Structures of compounds 1~5.
Materials and Methods
General methods
ESI-mass was taken on a Navigator mass spectrometer in positive and negative modes. NMR spectra were obtained on a Varian UNITY Inova NMR spectrometer with 1H NMR at 400MHz and 13C NMR at 100MHz in CDCl3 or CD3OD. Chemical shifts were given in ppm (δ) using tetramethylsilane (TMS) as internal standard.
Fungal materials
The dried mushroom Xylaria polymorpha (285 g) was collected in the Gwangneung forest in Gyeonggi province, Korea, in October 2006, and identified by the staff at the Korea Research Institute of Bioscience and Biotechnology (KRIBB), according to the taxonomic key of Imazeki and Hongo (Imazeki et al., 1988).
Extraction and isolation
Dried fruiting bodies of X. polymorpha (285 g) were extracted twice with methanol at room temperature.
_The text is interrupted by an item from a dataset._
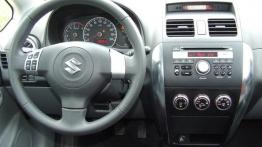 Suzuki SX4 4WD - kokpit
The solvent partitioning was carried out by using hexane, chloroform, and ethyl acetate. Silica gel column chromatographies were performed by a stepwise elution with increasing amount (2, 10 and 33%, stepwise) of ethyl acetate in hexane and then by an increasing (2%→90%) gradient of methanol in chloroform. Sephadex LH-20 column chromatography was done with an elution solvent of chloroform:methanol (1 : 1, v/v). Preparative reversed-phase HPLC was carried out using an ODS column (20 × 150 mm), eluting with 40% aqueous MeOH at a flow rate of 6 ml/min, monitoring at UV 250 nm. C18 Sep-pak cartridge was done by washing with 30% aqueous methanol and eluting with 40% aqueous methanol.
Results and Discussion
Purification of compounds 1~5
Compounds 1~5 were isolated as shown in Fig. 2. The dried fruiting bodies of X. polymorpha were extracted twice with methanol at room temperature. After the removal of the methanol under reduced pressure, the resulting solution was partitioned consecutively with hexane, chloroform, and ethyl acetate. The hexane-soluble fraction was chromatographed on a column of silica gel eluted with increasing amount (2, 10 and 33%, stepwise) of ethyl acetate in hexane. Compounds 1 and 2 were obtained from initial fractions. Fraction 4 was further purified by Sephadex LH-20 column chromatography with chloroform:methanol (1 : 1, v/v) to provide compound 3. Compounds 4 and 5 were purified from the ethyl acetate-soluble portion. The ethyl acetate-soluble fraction was chromatographed on a column of silica gel eluted by a gradient with increasing amount (2%→90%) of methanol in chloroform. A initial fraction was subjected to a column of Sephadex LH-20 eluted with chloroform:methanol (1 : 1, v/v), followed by preparative HPLC to afford compound 4. Compound 5 was purified from middle fractions by using C18 Sep-pak cartridge that was washed by 30% aqueous methanol and eluted with 40% aqueous methanol.
Fig. 2.
Isolation procedures of compounds 1~5.
Determining the structures of compounds 1~5
The fruiting bodies of the fungus X. polymorpha were extracted with methanol. The methanolic extract was partitioned by using organic solvents. Repeated chromatographic separations of the hexane- and ethyl acetatesoluble fractions led to the purification of compounds 1~5.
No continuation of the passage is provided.